Yeah. Or if you just can't have the kind of relationship that you wish you could for a number of reasons, right? Like if your family is your whole world. It's possible that you feel like you are alone in that little crowd. You know, like the family as a small crowd or as a small mess. in the Arendtian sense.
Aside from that, I would also add as a structural problem, urban planning.
[00:42:31] Ellie: Oh my God, yes.
[00:42:33] David: It's something that we talked about, or at least we touched upon in our episode on neighbors that, you know, the city sometimes feels like this.
[00:42:40] Ellie: I'm like, okay. Yeah. I forgot. No kidding. I do remember that. That was really recent.
I thought you were gonna talk about our city's episode.

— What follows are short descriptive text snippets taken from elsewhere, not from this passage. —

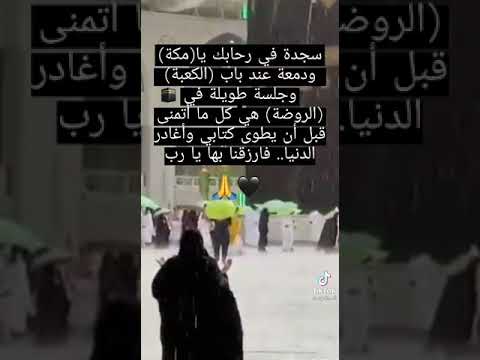 ليتني في سرب الحمامي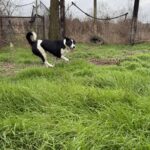 Received 1215570833777491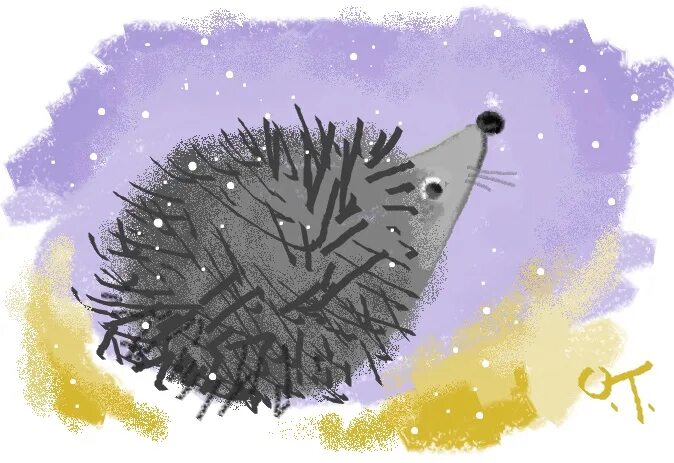 Снежинка еж фото. Зима для ёжика. Ежик фото. Ежик с кудрявыми иголками. Снежинки ежик.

[00:42:45] David: Oh yeah. Maybe there are two. But the idea that the city, because of the way it is designed feels like a big hotel. You know, where our only interactions with other people tend to be either transitional or ephemeral or transactional, or we experience interactions as nuisances and as bothersome.
Right. Like when you hear your neighbors in a hotel making noise and you wish they weren't. So all of these things really raise the question. How do you fix something structural without deeper changes that go beyon maybe these more surface slash cosmetic proposals?
[00:43:24] Ellie: Absolutely. And urban planning is such a key feature here.
I think in LA where I live, people who move to the city very often find that the structure of the city is like truly set up for loneliness. We could talk about suburbs as, you know, being an aspect of that too. LA is very suburban with the rise of suburbs in the 1950s, which is related both to the rise of the nuclear family, or let's say the consolidation of the nuclear family as ideology.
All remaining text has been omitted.